Given the explosive creativity shown by Chicana writers over the past two decades, this first major anthology devoted to their work is a major contribution to American letters. It highlights the key
issues, motifs, and concerns of Mexican American women from 1848 to the present, and particularly reflects the modern Chicana's struggle for identity. Among the recurring themes in the collection
is a re-visioning of foremothers such as the historical Malinche, the mythical Llorona, and pioneering women who settled the American Southwest from the sixteenth to twentieth centuries. Also
included are historical documents on the lives, culture, and writings of Mexican American women in the nineteenth century, as well as oral histories recorded by the Federal Writers Project in the
1930s. Through poetry, fiction, drama, essay, and other forms, this landmark volume showcases the talents of more than fifty authors, including Gloria E. Anzaldúa, Ana Castillo, Lorna Dee
Cervantes, Denise Chávez, Sandra Cisneros, Pat Mora, Cherríe Moraga, and María Helena Viramontes.

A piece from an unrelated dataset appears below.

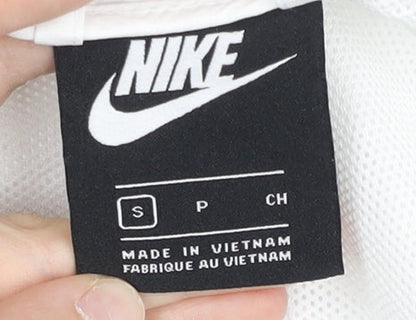 Nike Women’s Black White Windbreaker Jacket Size S Hooded Polyester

There is simply no better anthology for readers wondering how to enter those borderlands Chicana writers have been occupying for the past decades. . . . A superb selection of poems, stories, essays and plays by fifty authors.
Women's Review of Books
The hefty collection will satisfy more than one taste, whether literary, historical, or even sociological. There are many hours of enjoyment here, and many important lessons to be learned.
Undoubtedly will be the definitive text for some time to come on the subject of Chicana writers.
A thorough volume that introduces the work of Chicana authors writing from 1848 to the present. . . . Excellent.